Please reproduce the lines of the records below from the one holding "A mechanic is" through the one holding "Close-up of a", inclusive, skipping all pictures.

RECORDS FOR THE EXERCISE: Begin

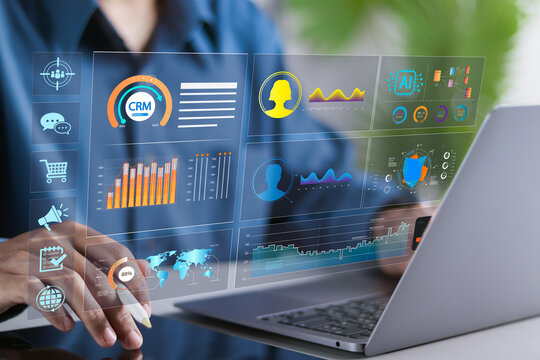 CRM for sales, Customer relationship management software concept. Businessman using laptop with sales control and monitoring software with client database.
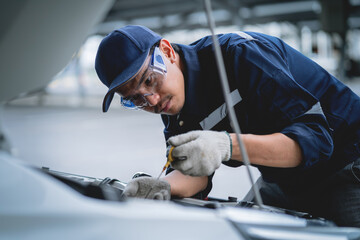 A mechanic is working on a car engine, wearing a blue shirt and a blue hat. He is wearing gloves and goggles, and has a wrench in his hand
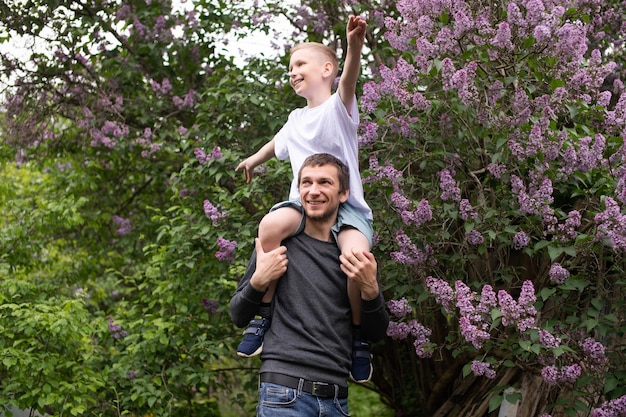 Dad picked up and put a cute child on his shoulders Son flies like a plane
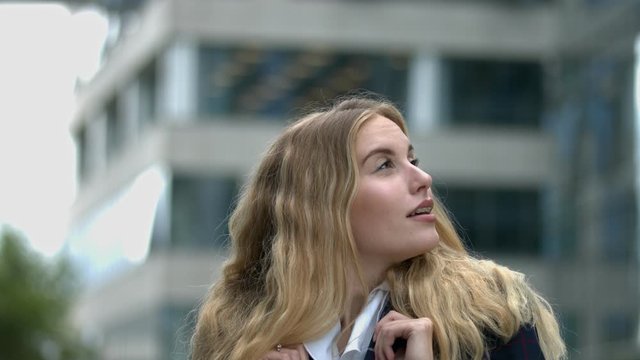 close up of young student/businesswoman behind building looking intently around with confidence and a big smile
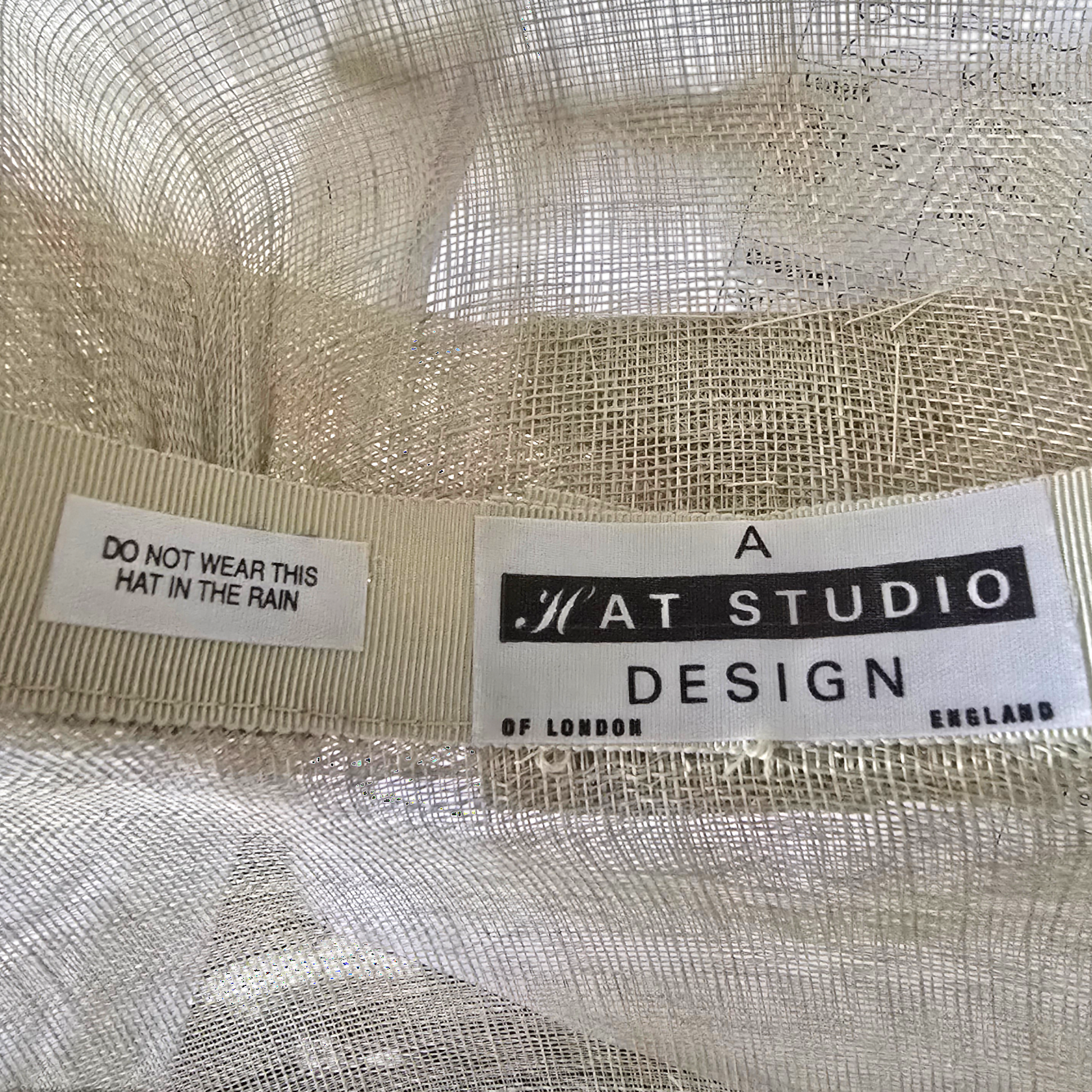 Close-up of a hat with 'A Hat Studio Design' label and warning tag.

RECORDS FOR THE EXERCISE: End
RECORDS FOR THE EXERCISE: Begin

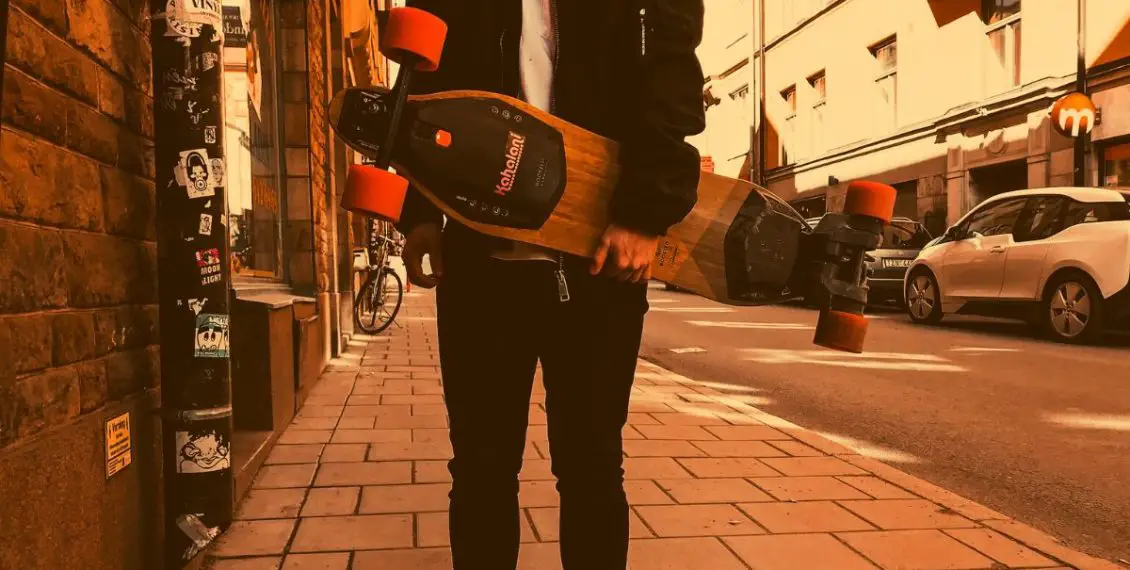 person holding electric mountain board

RECORDS FOR THE EXERCISE: End

> _TASK SOLUTION_:
 A mechanic is working on a car engine, wearing a blue shirt and a blue hat. He is wearing gloves and goggles, and has a wrench in his hand
 Dad picked up and put a cute child on his shoulders Son flies like a plane
 close up of young student/businesswoman behind building looking intently around with confidence and a big smile
 Close-up of a hat with 'A Hat Studio Design' label and warning tag.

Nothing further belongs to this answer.